Here is yet another version adapted from a recipe by Andrew Knowlton, the Bon Appetit ‘BA Foodist’. This time I have used Truvia Blend, which is an all natural combination of Stevia and Erythritol. I am trying to live without Splenda these days – not obsessing over it, just trying to be more aware and avoid it.
This is easy to make, uses just a few ingredients, and is very flavorful, moist, and tender. It is perfect to place in a bowl to sop up the juice from some slightly mashed berry compote. Ahhhh summer. My husband likes strawberry shortcake so much he would rather just have a big bowl for in place of supper and I oblige him of that wish a few times when the berries are gorgeous and deep red. I prefer blackberries.
I am even going to use BA Foodist’s recipe format as I liked it, and found it simple to follow.

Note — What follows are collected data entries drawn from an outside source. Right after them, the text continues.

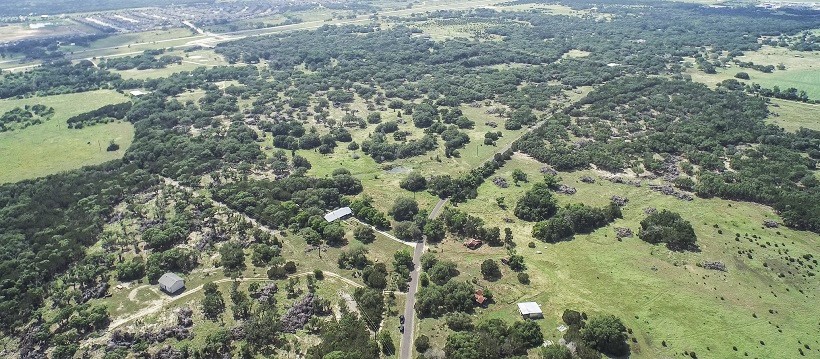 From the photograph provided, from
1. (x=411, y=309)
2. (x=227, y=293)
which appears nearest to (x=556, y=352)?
(x=411, y=309)

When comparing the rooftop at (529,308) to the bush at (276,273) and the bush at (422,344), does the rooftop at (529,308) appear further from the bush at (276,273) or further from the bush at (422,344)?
the bush at (276,273)

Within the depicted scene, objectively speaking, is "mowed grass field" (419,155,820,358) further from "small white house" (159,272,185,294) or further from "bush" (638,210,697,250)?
"small white house" (159,272,185,294)

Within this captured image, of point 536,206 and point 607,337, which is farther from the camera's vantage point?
point 536,206

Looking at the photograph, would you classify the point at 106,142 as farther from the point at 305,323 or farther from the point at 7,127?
the point at 305,323

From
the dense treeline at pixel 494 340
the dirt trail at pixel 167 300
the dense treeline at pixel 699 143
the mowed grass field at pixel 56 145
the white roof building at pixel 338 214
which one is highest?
the dense treeline at pixel 699 143

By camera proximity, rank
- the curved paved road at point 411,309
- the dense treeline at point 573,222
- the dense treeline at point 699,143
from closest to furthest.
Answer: the curved paved road at point 411,309 < the dense treeline at point 573,222 < the dense treeline at point 699,143

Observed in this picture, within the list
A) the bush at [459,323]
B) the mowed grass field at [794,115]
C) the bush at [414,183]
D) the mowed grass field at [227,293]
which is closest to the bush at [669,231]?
the bush at [459,323]

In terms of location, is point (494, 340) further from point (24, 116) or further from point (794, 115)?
point (24, 116) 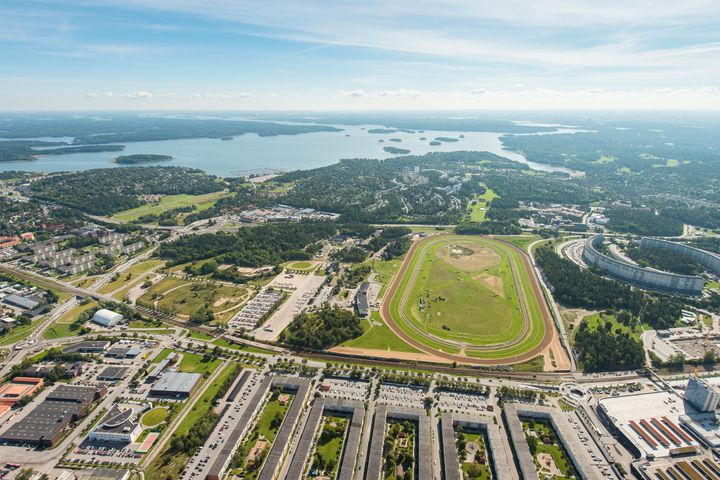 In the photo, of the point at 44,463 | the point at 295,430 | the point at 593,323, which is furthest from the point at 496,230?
the point at 44,463

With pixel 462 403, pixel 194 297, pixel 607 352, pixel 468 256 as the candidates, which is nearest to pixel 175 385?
pixel 194 297

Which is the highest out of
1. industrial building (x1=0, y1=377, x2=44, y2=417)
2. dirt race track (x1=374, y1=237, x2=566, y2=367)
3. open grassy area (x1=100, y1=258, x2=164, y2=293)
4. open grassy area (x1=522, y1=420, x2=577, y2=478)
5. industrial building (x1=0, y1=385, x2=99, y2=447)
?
industrial building (x1=0, y1=385, x2=99, y2=447)

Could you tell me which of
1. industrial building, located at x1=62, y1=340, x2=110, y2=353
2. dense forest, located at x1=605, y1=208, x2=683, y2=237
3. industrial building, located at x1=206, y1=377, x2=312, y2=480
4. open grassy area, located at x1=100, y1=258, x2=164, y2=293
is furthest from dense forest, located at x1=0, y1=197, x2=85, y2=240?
dense forest, located at x1=605, y1=208, x2=683, y2=237

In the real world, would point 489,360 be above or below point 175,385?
below

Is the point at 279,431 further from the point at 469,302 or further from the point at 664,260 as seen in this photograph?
the point at 664,260

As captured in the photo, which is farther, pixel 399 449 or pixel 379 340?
pixel 379 340

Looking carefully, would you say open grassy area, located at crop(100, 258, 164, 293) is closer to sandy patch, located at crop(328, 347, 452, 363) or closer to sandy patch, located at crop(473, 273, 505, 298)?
sandy patch, located at crop(328, 347, 452, 363) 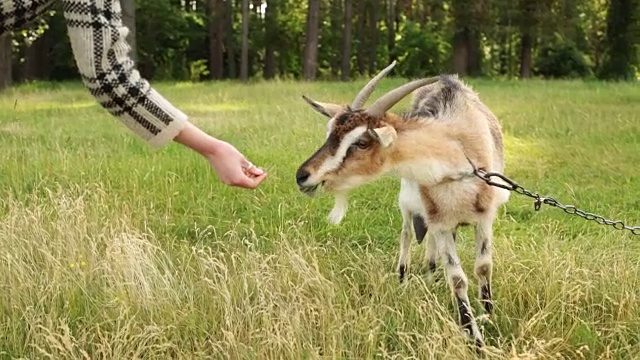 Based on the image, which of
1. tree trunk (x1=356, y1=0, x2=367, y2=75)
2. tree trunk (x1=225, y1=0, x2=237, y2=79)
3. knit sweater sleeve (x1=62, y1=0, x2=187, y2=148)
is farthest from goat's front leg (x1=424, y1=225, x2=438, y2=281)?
tree trunk (x1=356, y1=0, x2=367, y2=75)

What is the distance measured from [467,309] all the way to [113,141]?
571 centimetres

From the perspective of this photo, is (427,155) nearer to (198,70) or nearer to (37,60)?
(198,70)

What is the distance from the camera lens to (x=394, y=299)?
12.5ft

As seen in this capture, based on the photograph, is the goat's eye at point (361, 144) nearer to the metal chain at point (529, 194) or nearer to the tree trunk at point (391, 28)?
the metal chain at point (529, 194)

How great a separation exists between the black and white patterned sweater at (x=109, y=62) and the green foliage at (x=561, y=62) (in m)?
29.6

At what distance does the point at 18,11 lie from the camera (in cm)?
229

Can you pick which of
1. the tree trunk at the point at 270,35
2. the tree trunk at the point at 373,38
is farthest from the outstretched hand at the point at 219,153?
the tree trunk at the point at 373,38

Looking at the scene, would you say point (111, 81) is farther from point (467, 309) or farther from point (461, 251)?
point (461, 251)

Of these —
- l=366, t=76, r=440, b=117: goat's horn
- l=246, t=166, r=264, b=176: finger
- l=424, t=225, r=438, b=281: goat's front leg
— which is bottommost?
l=424, t=225, r=438, b=281: goat's front leg

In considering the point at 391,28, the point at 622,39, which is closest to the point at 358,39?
the point at 391,28

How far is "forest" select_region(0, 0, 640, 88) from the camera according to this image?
23250 mm

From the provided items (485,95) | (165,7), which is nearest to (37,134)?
(485,95)

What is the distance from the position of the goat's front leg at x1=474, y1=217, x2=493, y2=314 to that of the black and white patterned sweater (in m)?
1.73

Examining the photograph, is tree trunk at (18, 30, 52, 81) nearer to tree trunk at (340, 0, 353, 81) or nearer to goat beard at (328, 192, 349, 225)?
tree trunk at (340, 0, 353, 81) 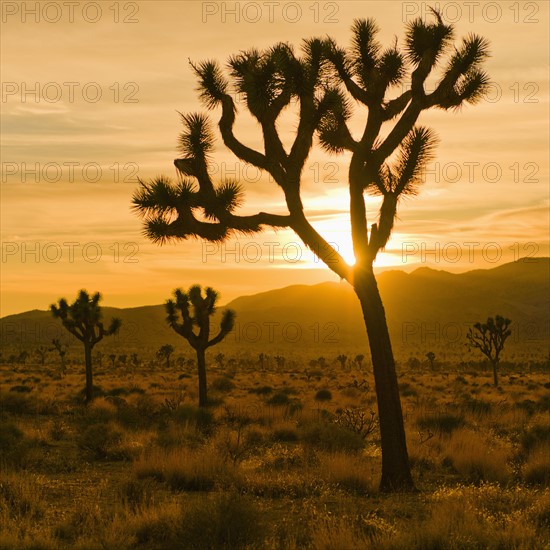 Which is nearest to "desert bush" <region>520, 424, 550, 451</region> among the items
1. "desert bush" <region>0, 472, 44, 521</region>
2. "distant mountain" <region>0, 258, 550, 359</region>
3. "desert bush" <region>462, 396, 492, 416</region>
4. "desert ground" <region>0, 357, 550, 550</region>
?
"desert ground" <region>0, 357, 550, 550</region>

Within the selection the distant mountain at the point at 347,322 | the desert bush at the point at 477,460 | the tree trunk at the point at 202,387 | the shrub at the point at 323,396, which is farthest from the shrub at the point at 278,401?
the distant mountain at the point at 347,322

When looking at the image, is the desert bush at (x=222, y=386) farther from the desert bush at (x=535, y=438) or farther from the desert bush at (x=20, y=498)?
the desert bush at (x=20, y=498)

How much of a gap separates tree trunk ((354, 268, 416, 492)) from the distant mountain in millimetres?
97112

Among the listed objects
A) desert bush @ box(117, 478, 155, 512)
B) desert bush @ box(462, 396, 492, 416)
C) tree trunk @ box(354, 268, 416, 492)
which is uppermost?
tree trunk @ box(354, 268, 416, 492)

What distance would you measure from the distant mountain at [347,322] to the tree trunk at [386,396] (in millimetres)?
97112

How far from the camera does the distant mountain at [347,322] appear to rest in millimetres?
126562

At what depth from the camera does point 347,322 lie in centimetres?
15938

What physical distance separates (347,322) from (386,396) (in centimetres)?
14908

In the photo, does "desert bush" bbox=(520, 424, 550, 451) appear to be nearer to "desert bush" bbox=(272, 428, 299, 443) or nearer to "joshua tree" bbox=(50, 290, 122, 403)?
"desert bush" bbox=(272, 428, 299, 443)

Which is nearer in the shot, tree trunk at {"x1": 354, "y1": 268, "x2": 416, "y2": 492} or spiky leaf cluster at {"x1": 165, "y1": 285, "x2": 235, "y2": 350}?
tree trunk at {"x1": 354, "y1": 268, "x2": 416, "y2": 492}

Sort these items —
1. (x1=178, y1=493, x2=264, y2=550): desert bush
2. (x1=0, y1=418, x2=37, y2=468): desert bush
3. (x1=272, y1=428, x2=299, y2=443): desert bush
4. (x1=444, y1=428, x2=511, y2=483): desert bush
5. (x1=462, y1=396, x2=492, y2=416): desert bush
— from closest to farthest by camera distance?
(x1=178, y1=493, x2=264, y2=550): desert bush → (x1=444, y1=428, x2=511, y2=483): desert bush → (x1=0, y1=418, x2=37, y2=468): desert bush → (x1=272, y1=428, x2=299, y2=443): desert bush → (x1=462, y1=396, x2=492, y2=416): desert bush

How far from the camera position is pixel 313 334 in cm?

Let me know what you think.
French Yogurt Cake
Preheat oven to 350 degrees.
Coat a loaf pan with non-stick vegetable spray.
Whisk together to combine in small bowl, 1 1/2 cups all purpose flour, 2 teaspoons baking powder, and 1/2 teaspoon sea salt – set aside.
In a large bowl, with your fingers, rub together the freshly grated zest of one lemon with 3/4 cup Truvia Baking Blend sugar replacer until evenly moist and lightly colored. Whisk in 6 ounces Greek yogurt, 1/2 cup butter-melted, 2 large eggs, juice of 1/2 lemon, and 1 teaspoon vanilla extract. Blend in the flour mixture. Transfer into loaf pan and smooth top.
Bake 40 to 45 minutes, until golden brown, top has risen, and thin skewer inserted near center comes out clean. Let cool on wire rack for 15 minutes, invert onto rack and cool completely.